Dokter
Bukanlah Tumpuan Permasalahan Ova Emilia ; Guru Besar Bidang Pendidikan Kedokteran
Pertama di Indonesia, Dekan Fakultas Kedokteran, Kesehatan Masyarakat, dan
Keperawatan (FK-KMK) UGM |
KOMPAS, 9 Agustus 2021
Sebanyak
598 dokter gugur sejak pandemi Covid-19 melanda Indonesia. (kompas.com,
28/7/2021). Gugurnya para pahlawan kesehatan itu disinyalir menjadi kerugian
sekaligus kekhawatiran negara akan terjerembab dalam krisis pandemi
berkepanjangan. Kelelahan
tenaga kesehatan dan paparan Covid-19 disebut menjadi pemicu tingginya angka
kematian dokter. Pelayanan kesehatan kolaps. Jumlah dokter tidak lagi cukup
untuk memenuhi kebutuhan pelayanan kesehatan. Beragam alternatif solusi pun
mulai banyak ditawarkan. Penggunaan calon tenaga kesehatan sebagai sebuah
solusi juga mulai digulirkan. Pertanyaan
yang muncul kemudian, apakah kondisi darurat kesehatan di masa pandemi
Covid-19 an sich karena kurangnya jumlah dokter? Ataukah karena
karut-marutnya sistem layanan kesehatan yang gagap dalam menghadapi pandemi? Kondisi
darurat memang menuntut cara berpikir di luar ‘kenormalan’. Namun, pemetaan
masalah yang komprehensif dan sistematis tetap penting untuk dilakukan, agar
tidak menjadi tindakan serampangan yang justru hanya akan menambah keresahan. Dokter dalam angka Data
Konsil Kedokteran Indonesia (KKI) 2019 menyebutkan bahwa Indonesia memiliki
89 fakultas kedokteran yang terdiri dari 38 Perguruan Tinggi Negeri (PTN) dan
51 Perguruan Tinggi Swasta (PTS). Jumlah kelulusan dokter umum di Indonesia
berada dalam kisaran angka 13.000 per tahun. Tahun 2025 bahkan Indonesia
diprediksikan akan berhasil meluluskan lebih dari 14.000 dokter baru per
tahun. Melimpahnya
tenaga dokter menyimpan pertanyaan utama. Ke manakah mereka akan melabuhkan
diri untuk mengabdi bagi negeri? Untuk distribusi tenaga dokter di Indonesia,
masih cukup sulit untuk menemukan keharmonisan ‘data tunggal’. Data KKI
bersumber pada jumlah Surat Tanda Registrasi (STR) dokter yang akan praktik. Sedangkan
data Badan Pengembangan dan Pemberdayaan Sumber Daya Manusia Kesehatan
(BPPSDMK) Kementerian Kesehatan cenderung menunjukkan jumlah tenaga dokter
yang menjalankan praktik klinik di rumah sakit (RS) ataupun puskesmas. Untuk
data tenaga dokter dengan praktik klinik, belum terangkum di dalamnya. Data
BPPSDMK Kemenkes 2020 menunjukkan bahwa pada 2019 Indonesia memiliki 188.868
dokter. Dengan pertumbuhan jumlah lulusan dokter 13.650 per tahun (KKI, 2020)

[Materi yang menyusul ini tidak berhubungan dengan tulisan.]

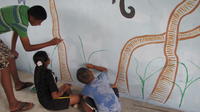 Children paint tropical plants on the mural at the community library, El Plátano, Panama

maka PPSDMK optimistis di 2030 Indonesia akan berhasil mencetak 325.368
dokter dengan tingkat atresi 2,5 persen per tahun. Posisi
ini akan membuat Indonesia mengalami surplus jumlah tenaga dokter 43.783
dalam kurun waktu 10 tahun dari target Tujuan Pembangunan Berkelanjutan (SDGs)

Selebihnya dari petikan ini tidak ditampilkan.